## INSTRUCTIONS TO FOLLOW
Among the records below, the line containing "移动硬盘和移动硬盘盒的区别,移动硬盘盒看哪些参数" marks the start. Output it and all lines after it exactly.
[RECORDS TO PROCESS Boundary: Start]
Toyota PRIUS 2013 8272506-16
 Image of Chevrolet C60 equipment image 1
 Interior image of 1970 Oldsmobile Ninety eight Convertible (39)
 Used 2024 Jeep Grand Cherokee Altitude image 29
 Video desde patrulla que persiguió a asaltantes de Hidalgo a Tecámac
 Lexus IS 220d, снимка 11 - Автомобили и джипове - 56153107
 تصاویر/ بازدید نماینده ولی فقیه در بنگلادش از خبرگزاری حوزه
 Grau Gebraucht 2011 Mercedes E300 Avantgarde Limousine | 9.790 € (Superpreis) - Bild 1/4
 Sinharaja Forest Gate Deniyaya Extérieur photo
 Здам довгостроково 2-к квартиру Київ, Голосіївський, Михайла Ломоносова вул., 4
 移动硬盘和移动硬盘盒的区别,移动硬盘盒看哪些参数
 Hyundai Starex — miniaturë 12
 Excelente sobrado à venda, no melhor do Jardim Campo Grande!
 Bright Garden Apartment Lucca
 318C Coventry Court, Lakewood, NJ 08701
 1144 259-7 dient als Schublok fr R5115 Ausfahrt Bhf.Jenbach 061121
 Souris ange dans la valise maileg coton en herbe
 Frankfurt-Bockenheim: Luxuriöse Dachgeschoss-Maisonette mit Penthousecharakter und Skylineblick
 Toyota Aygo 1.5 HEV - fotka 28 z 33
[RECORDS TO PROCESS Boundary: End]
## SOLUTION
 移动硬盘和移动硬盘盒的区别,移动硬盘盒看哪些参数
 Hyundai Starex — miniaturë 12
 Excelente sobrado à venda, no melhor do Jardim Campo Grande!
 Bright Garden Apartment Lucca
 318C Coventry Court, Lakewood, NJ 08701
 1144 259-7 dient als Schublok fr R5115 Ausfahrt Bhf.Jenbach 061121
 Souris ange dans la valise maileg coton en herbe
 Frankfurt-Bockenheim: Luxuriöse Dachgeschoss-Maisonette mit Penthousecharakter und Skylineblick
 Toyota Aygo 1.5 HEV - fotka 28 z 33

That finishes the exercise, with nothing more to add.